Dedicated clients prevent data races

A key design choice: each ReplicateFromLeader call creates its own client.NewConsumerClient. This avoids a subtle bug — if all goroutines shared a cached client from NodeMetadata, calling SetReplicaNodeID on one goroutine would race with another. By creating a dedicated client per goroutine, there is no shared mutable state.

The pending-slice pattern for termination

Instead of using a fixed MaxReplicationRounds limit, the code uses a pending slice:

  1. Start with all topic names in pending.
  2. For each topic, fetch a batch. If fewer than batchSize entries are returned, the topic is caught up — drop it from pending.
  3. If a full batch was returned, there might be more data — keep the topic in pending for another round.
  4. Topics that hit transient errors also stay in pending for a retry.

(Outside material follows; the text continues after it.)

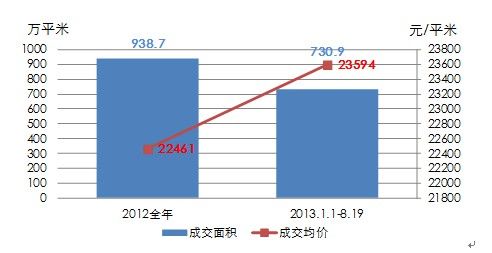 上海2013年1-8月商品住宅成交量价与去年全年对比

This naturally terminates when all topics are caught up, and handles the common case (small lag) in a single pass.

Handling fetch errors gracefully

Three categories of errors during fetch:

Error type Handling
CodeReadOffset (offset out of range) Topic is caught up. Remove from pending.
ShouldReconnect (connection lost) Abort the entire leader goroutine. Next tick will reconnect.
Transient error Keep topic in pending for another round.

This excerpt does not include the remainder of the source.